3

I'm trying to understand what algorithm Cassandra uses to generate murmur3 hashes of composite partition keys. I know I can obtain the value directly from CQL but I want to reproduce the behaviour of Cassandra for any given tuple directly from Java/scala code.

For simple partition keys the following function computes the correct value (at least in many cases, I know by looking at source code that it is not exact):

long l = com.google.common.hash.Hashing.Hashing.murmur3_128().hashString("my-string", Charset.forName("UTF-8")).asLong();

What if I have two columns on partition key ?

The hash of the concatenation of the two strings is not the same.

Nicola Ferraro
  • 4,051
  • 5
  • 28
  • 60
  • possible duplicate of [Murmur3 Hash Algorithm Used in Cassandra](http://stackoverflow.com/questions/16562427/murmur3-hash-algorithm-used-in-cassandra) – Aaron Nov 30 '14 at 14:20
  • Follow the link to the question above, and look in the comments on the answer. – Aaron Nov 30 '14 at 14:20

1 Answers1

6

Thanks for giving me more details about the algorithm.

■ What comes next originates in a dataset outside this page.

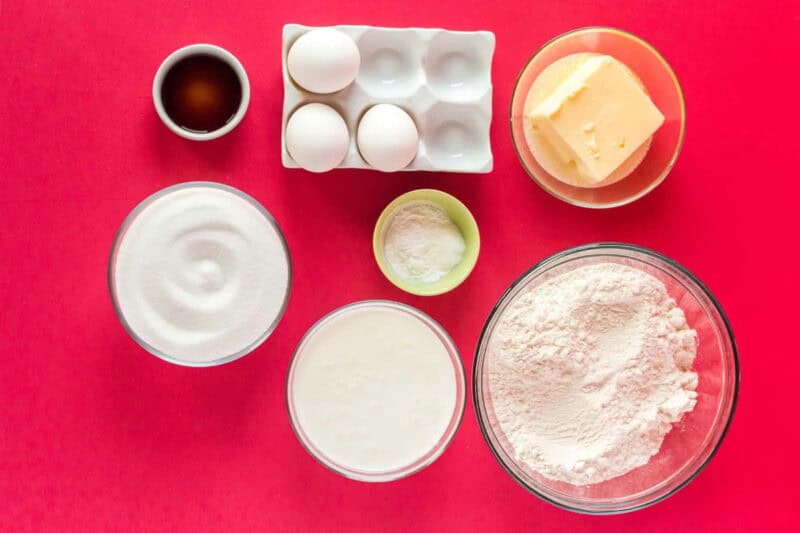 overhead view of portioned ingredients for peppermint santa cake in individual bowls.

I wrote a sample code in order to share the solution.

byte[] keyBytes;
try(ByteArrayOutputStream bos = new ByteArrayOutputStream(); DataOutputStream out = new DataOutputStream(bos)) {    

    String[] keys = new String[] {"key1", "key2"};
    for(String key : keys) {
        byte[] arr = key.getBytes("UTF-8");
        out.writeShort(arr.length);
        out.write(arr, 0, arr.length);
        out.writeByte(0);
    }
    out.flush();
    keyBytes = bos.toByteArray();
}

long hash = Hashing.murmur3_128().hashBytes(keyBytes).asLong();
Nicola Ferraro
  • 4,051
  • 5
  • 28
  • 60